Я не знаю, удалось ли мне в этом докладе выполнить те простые задачи, которые я себе поставил. Я чувствовал все время, что логический анализ Розанова невозможен; остается область субъективных впечатлений, всегда вообще чрезвычайно спорная. Но мне представлялось более важным отметить именно такие ощущения, а не создавать им подтверждение как еще один миф.
И вот теперь последнее представление о Розанове: смертный туман, плач о корове и вечная песня еврейки – которыми Розанов кончил свою жизнь.
22/X 29.
Мысли о литературе*
Было бы бесполезно, мне кажется, отрицать, что нынешняя эмигрантская литература старшего поколения является подлинной выразительницей «русского культурного духа» – каким он был в начале столетия и даже несколько позже – в предвоенные и предреволюционные годы. Хорош он или плох, это другой вопрос. Современникам вообще не дано понимать эпохи, в которую они живут – если условно представить себе возможность такого понимания. На примере русской литературы в этом особенно легко убедиться.

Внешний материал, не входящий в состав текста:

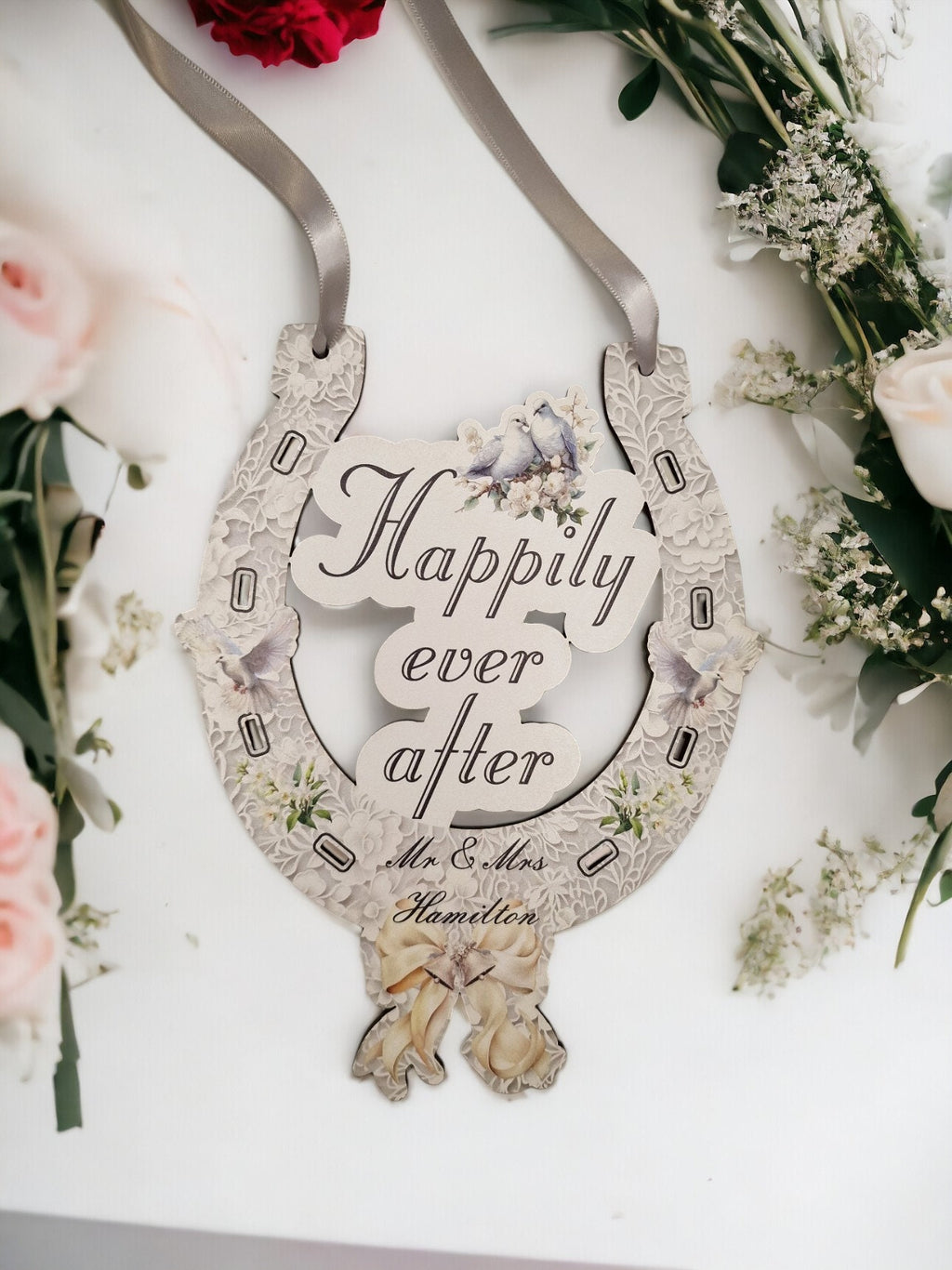 Personalised Lucky Horseshoe Wedding Gift - Mr & Mrs - Present - Bouquet - Marriage Gifts - Decoration Ornament - Keepsake - Sentimental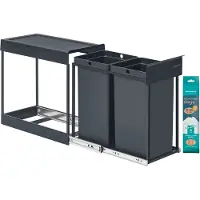 Songmics Mülleimer mit zwei Fächern und ausziehbarem Mülltrennsystem grau LTB950GZ01
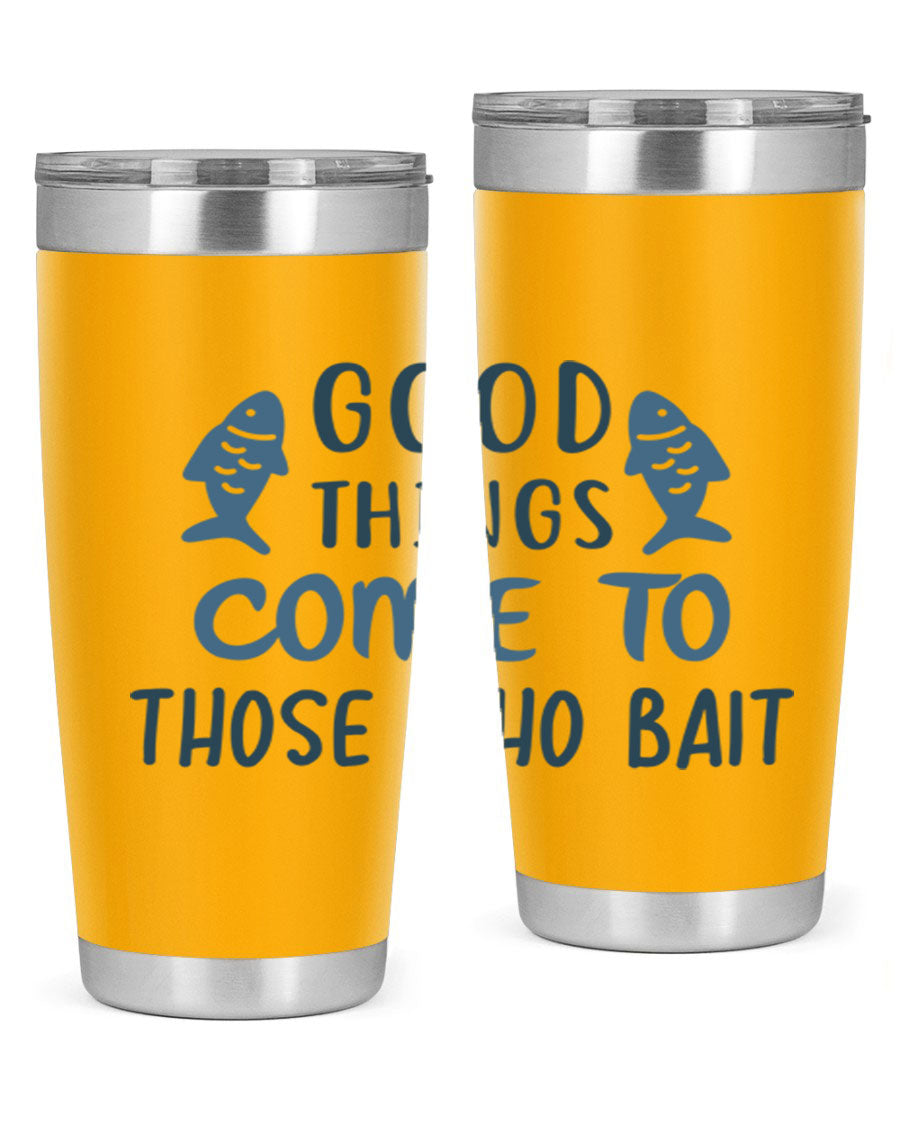 Good Things Come to 128# Fishing Tumbler in stainless steel with a drink-thru lid, showcasing its sleek design and double wall insulation.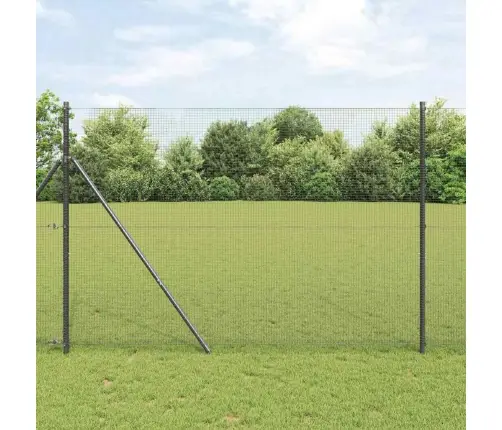 Metināta Sieta Žogs Ar 13 Stabiem Pelēks 1.5X25 M Tērauds Vidaxl
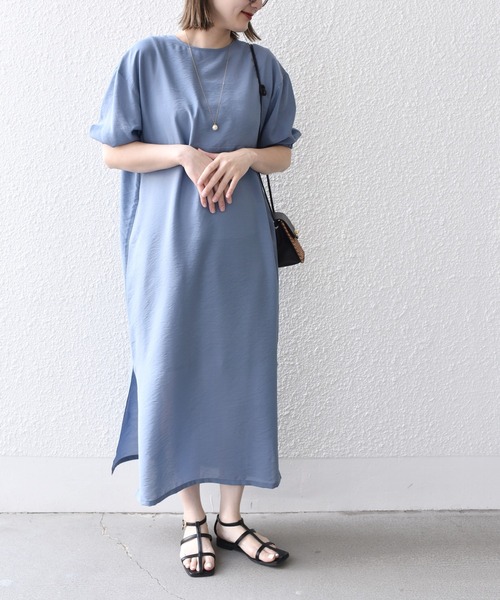 「SHIPS.me」 半袖ワンピース - ブルーグレー レディース_画像7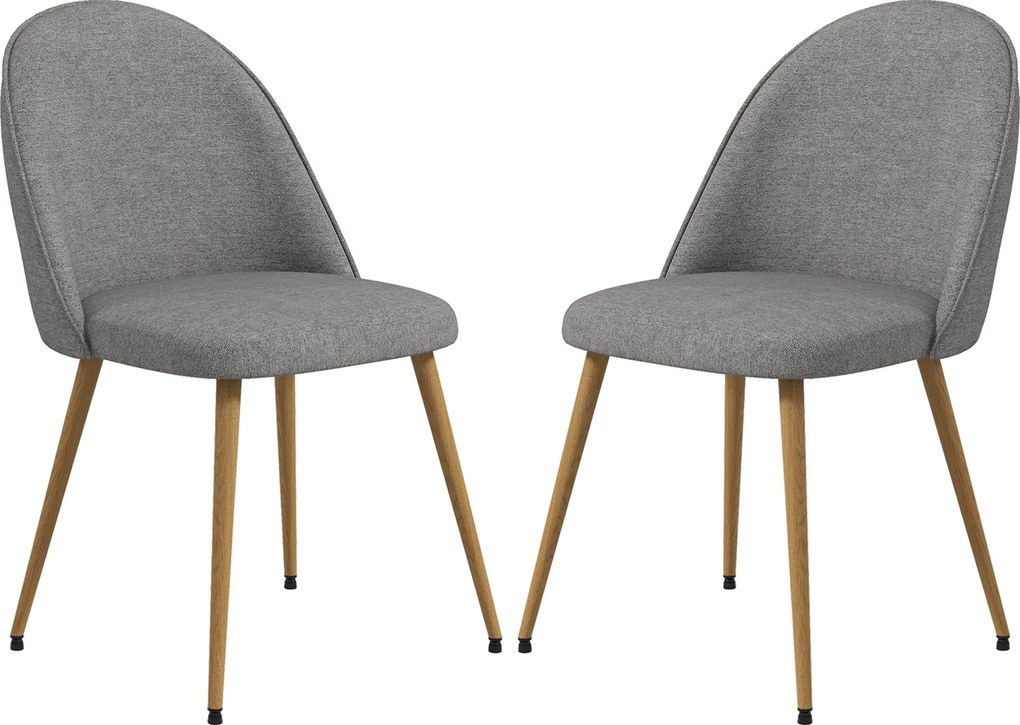HOMCOM 2 db kárpitozott étkezőszék, konyhai székek vászon anyaggal és acél lábakkal, modern stílus, 120 kg terhelhetőség, 50x52x83 cm, Szürke | Aosom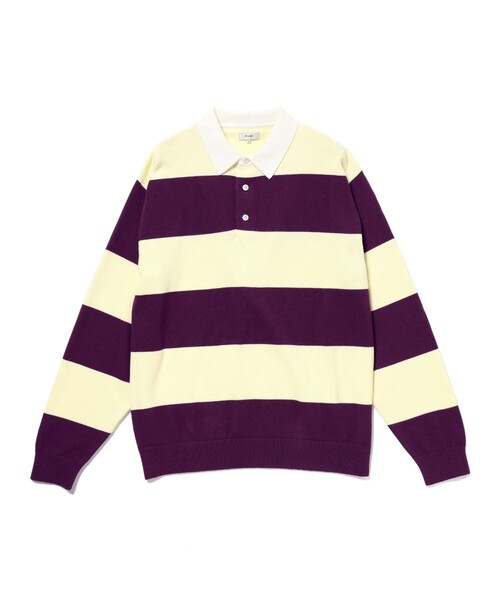 BEAMS（ビームス）の「ワイドフィット 7ゲージ ラガー ニットポロシャツ（ニット/セーター・メンズ・イエロー/パープル・S/M/L/XL）」の2枚目の写真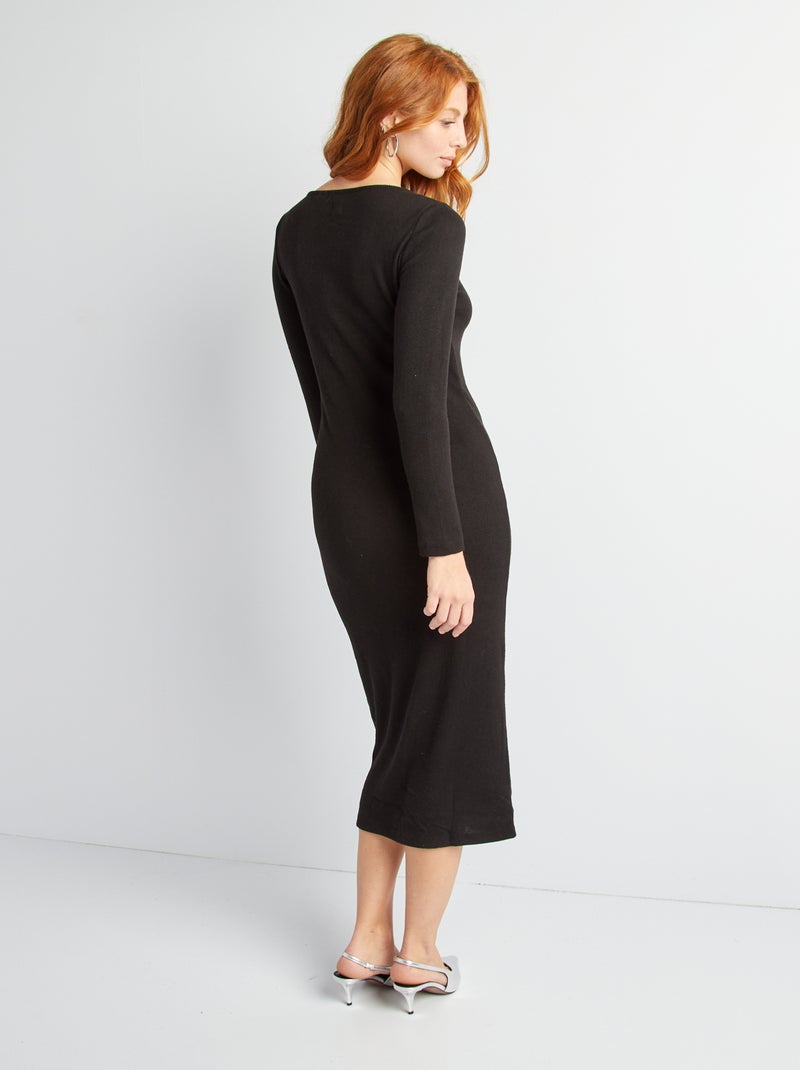 Vestido tipo jersey de punto negro - Kiabi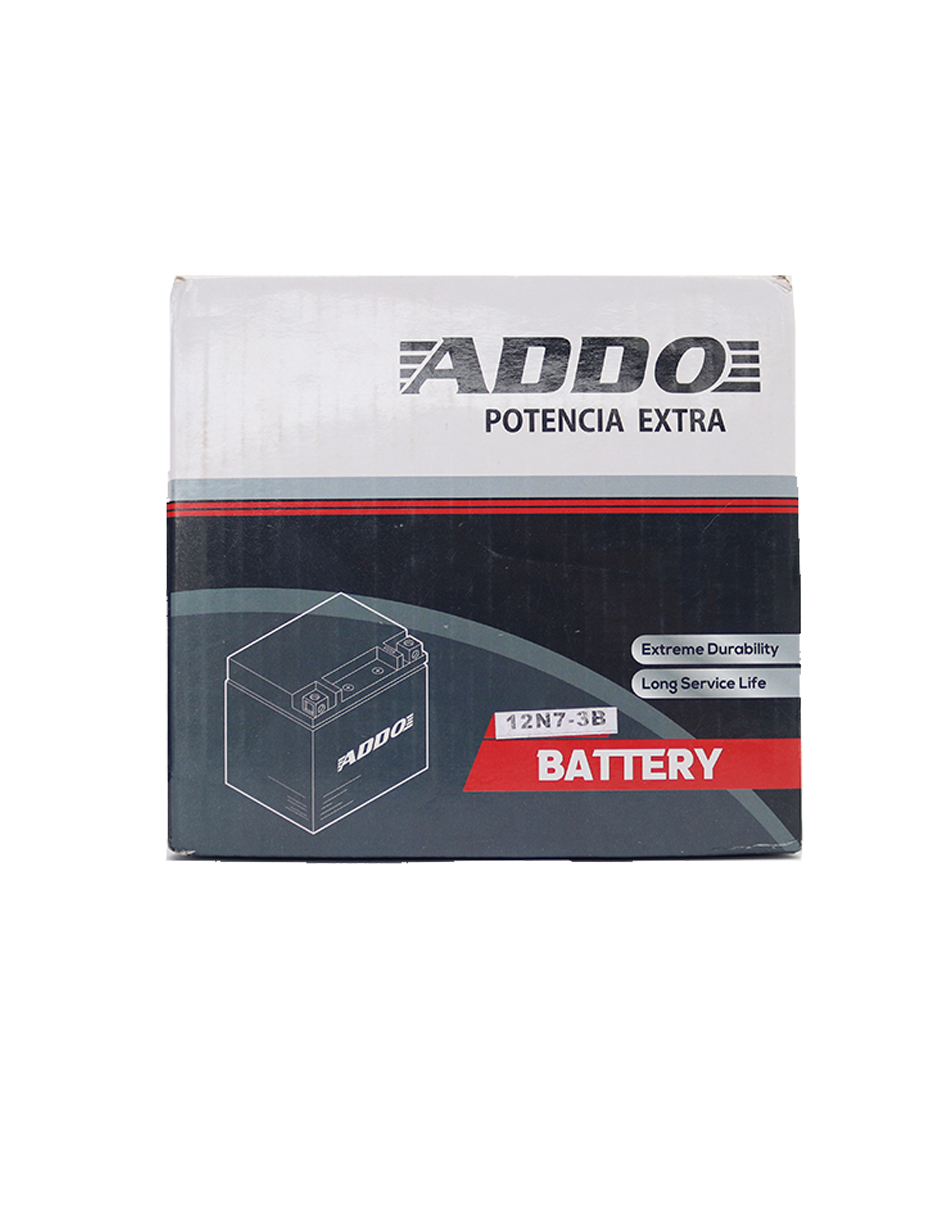 BATERIA PARA MOTOCICLETA CON GEL ADDO 12N7-3B  137*77*126  12V 7AH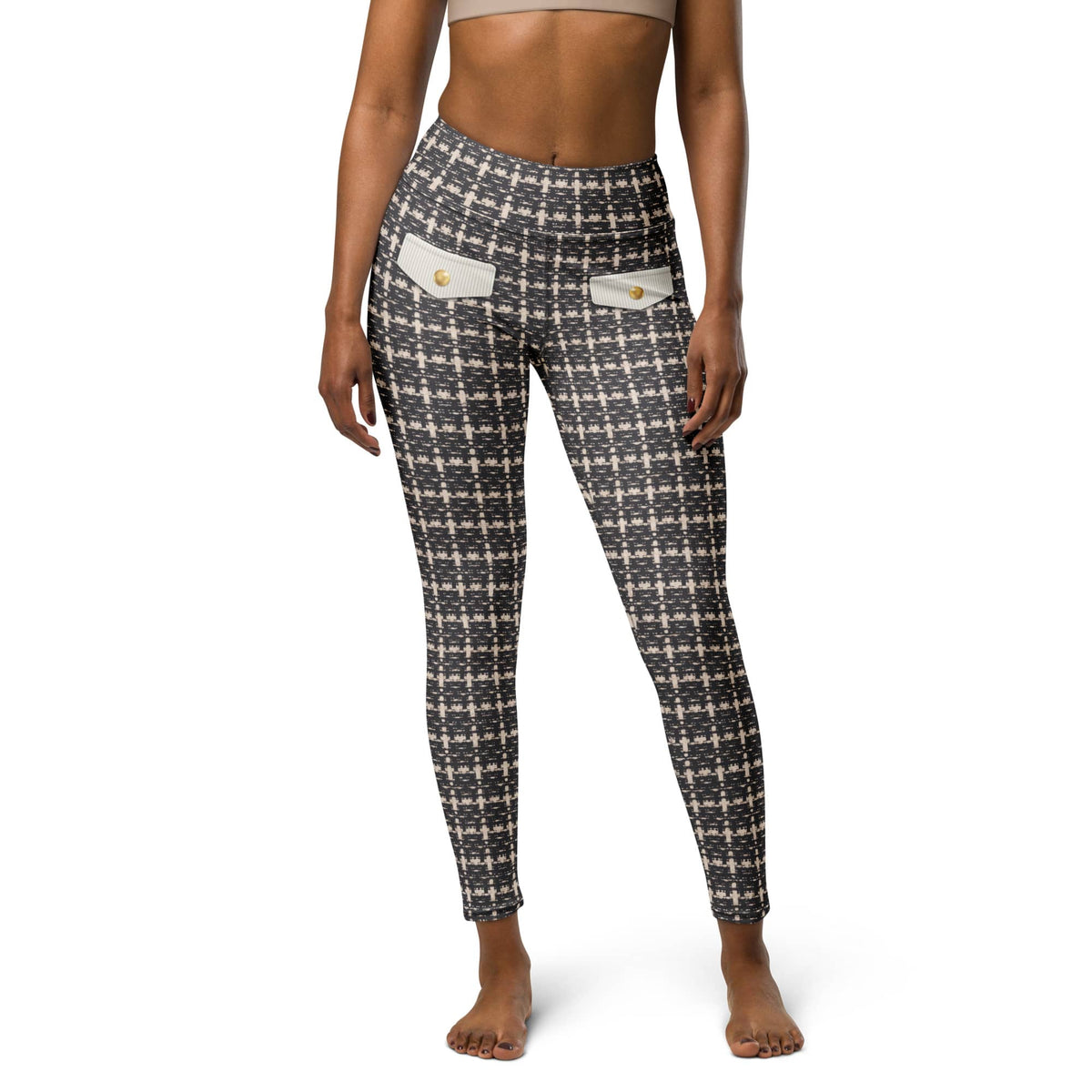 Printed Parisian Tweed Effect Yoga Leggings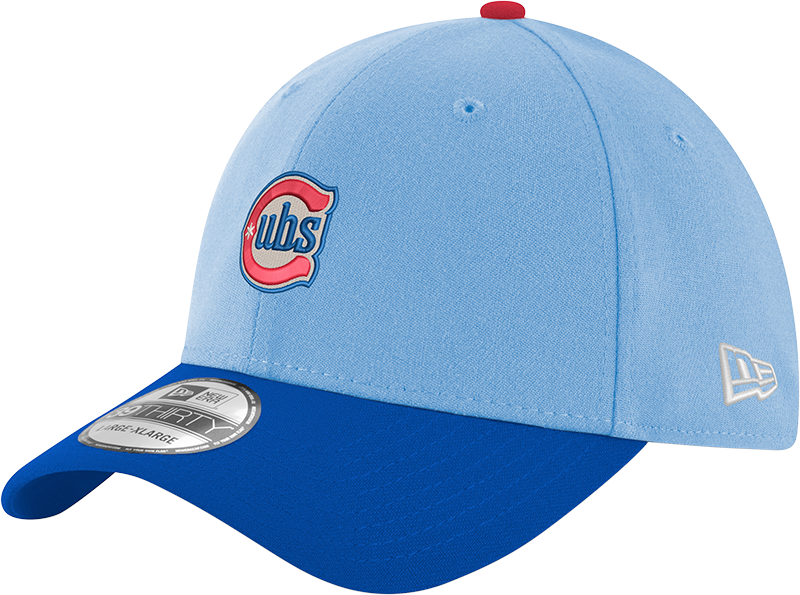 Chicago Cubs 2nd Alternate Sky Blue/Royal New Era 39THIRTY Flex Hat Official Team Hat Sports Fan Cap Official NFL Team Hat Football Fan Cap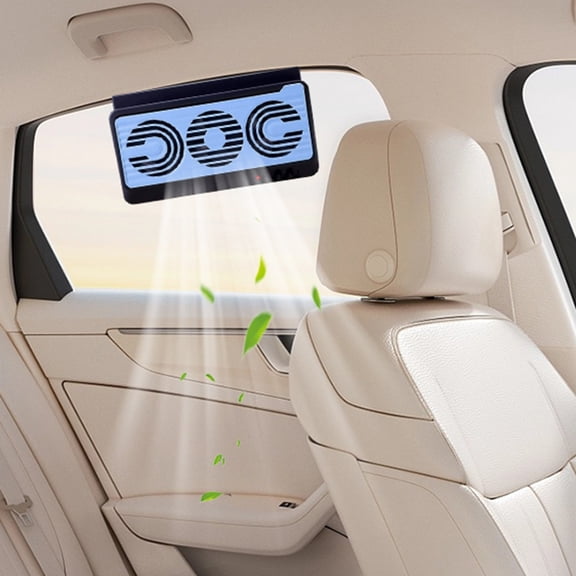 Car Window Exhaust Fan Blow & Suck Air Circulator Fan with 3 Fan Heads Quiet Portable Ventilation Fan for Car RV Travel Home Garage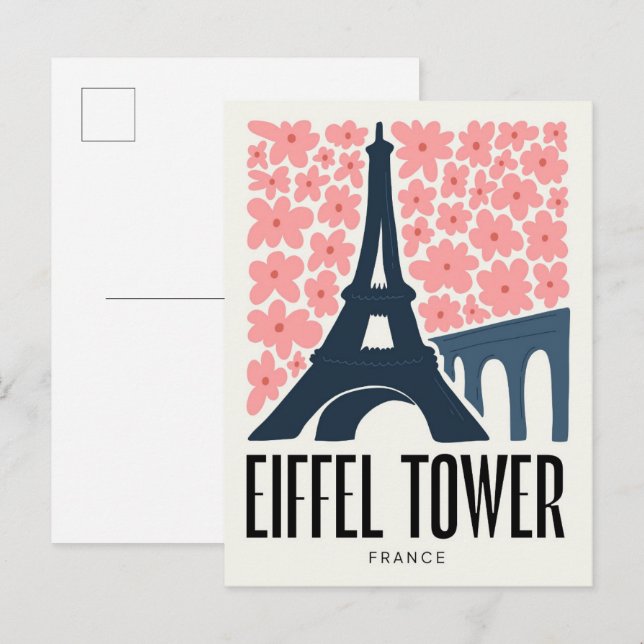 Postal Torre Eiffel París Francia viaje abstracto floral (Anverso / Reverso)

В ней вообще понимающих в этом смысле было мало: был Толстой, был Блок, был Розанов, был озаряемый минутными и блистательными постижениями Андрей Белый.
Наше поколение пришло на готовое; ему, казалось, следовало только не затыкать себе уши, чтобы понять и услышать те истины, о которых знал еще Толстой. Однако наше поколение никаких откровений не принесло – и ничего не поняло. Это кажется нам настолько странным, что в первую минуту отказываешься этому верить. Но это несомненно.